Iście bajkowa sceneria
w której trzeba jednak ostrożnie stawiać kroki
Czyżby nawigacja padła?
Po kilku godzinnej wędrówce można znaleźć coś dla ochłody
W cieniu palmy można też odpocząć ale... koniec drogi już niedaleko
Być może za tymi skałami...
Jeszcze spojrzenie wstecz
Niemcy się nas trzymają ;)
Jeszcze minuty, nie znało się trasy ale się to czuło
I w takim składzie wędrowaliliśmy kilka godzin
rosyjsko-polsko-niemieckim
Pozdrawiam wszystkich jeśli kiedyś tutaj traficie :) Napiszcie!

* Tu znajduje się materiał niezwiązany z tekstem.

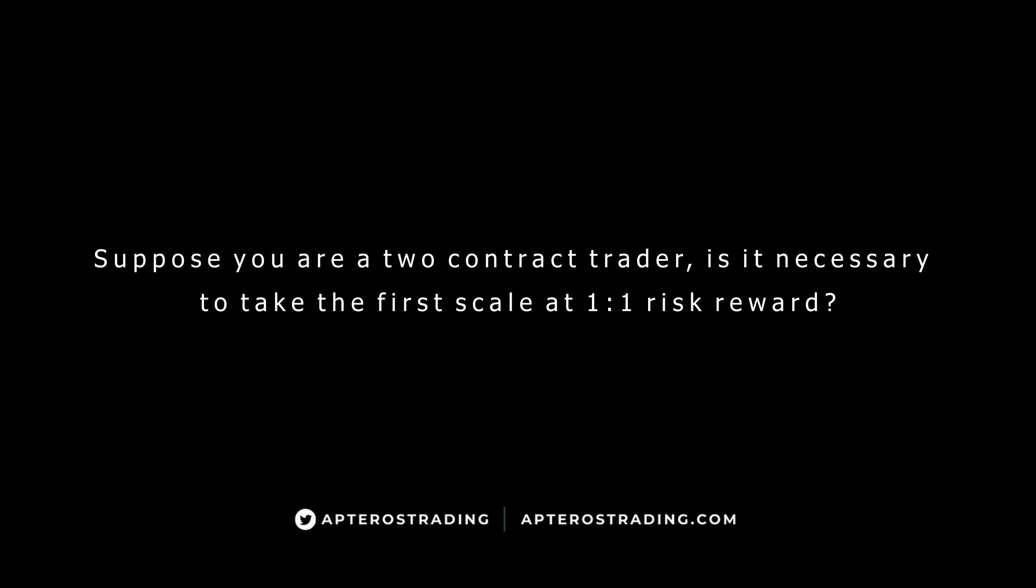Okay, so back to Kulu's question. Suppose you are a two contract trader, is it necessary to take the first scale at one to one risk reward? No, it's not. I am not a fan of risk-reward multiple based scale outs.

Ostatnie metry - wyjście z wąwozu. Są tacy co odpoczną na plaży i wracają ponownie do wioski Masca. My mieliśmy bilety na taksówkę wodną, która kursuje systematycznie w godzinach dziennych do Puerto de Santiago
a po kilku godzinach wyprawy ostatnie metry wąwozu wyglądają właśnie tak
Tutaj można kupić bilet na motorówkę do miasta, coś do jedzenia czy picia za cenę księżycową chyba i oczywiście skorzystać z szaleństwa kąpieli w oceanie w kryształowo czystej i całkiem zimniej wodzie
Plaża przy wyjściu z wąwozu jest obsadzona pożądnymi kamieniami więc jeśli ktoś pragnie skorzystać z lepszych standartów kilkadziesiąt metrów dalej jest mała piaszczysta. Oczywiście wszystko w całkowitej izolacji ponieważ dostać się tutaj można tylko szlakiem lub drogą wodną
Mała motorówka- ponton już podpływa po prawej
Miejsce to jest jak widać popularne do pływania jak widać po pełnym jachcie z turystami
Zatem...odpływamy
Ostatnie spojrzenie na nasz końcowy punkt wyprawy
Los Gigantes w całej okazałości
Puerto na widoku
Puerto de Santiago około 14 jeszcze sporo dnia przed nami... czyż życie nie jest piękne?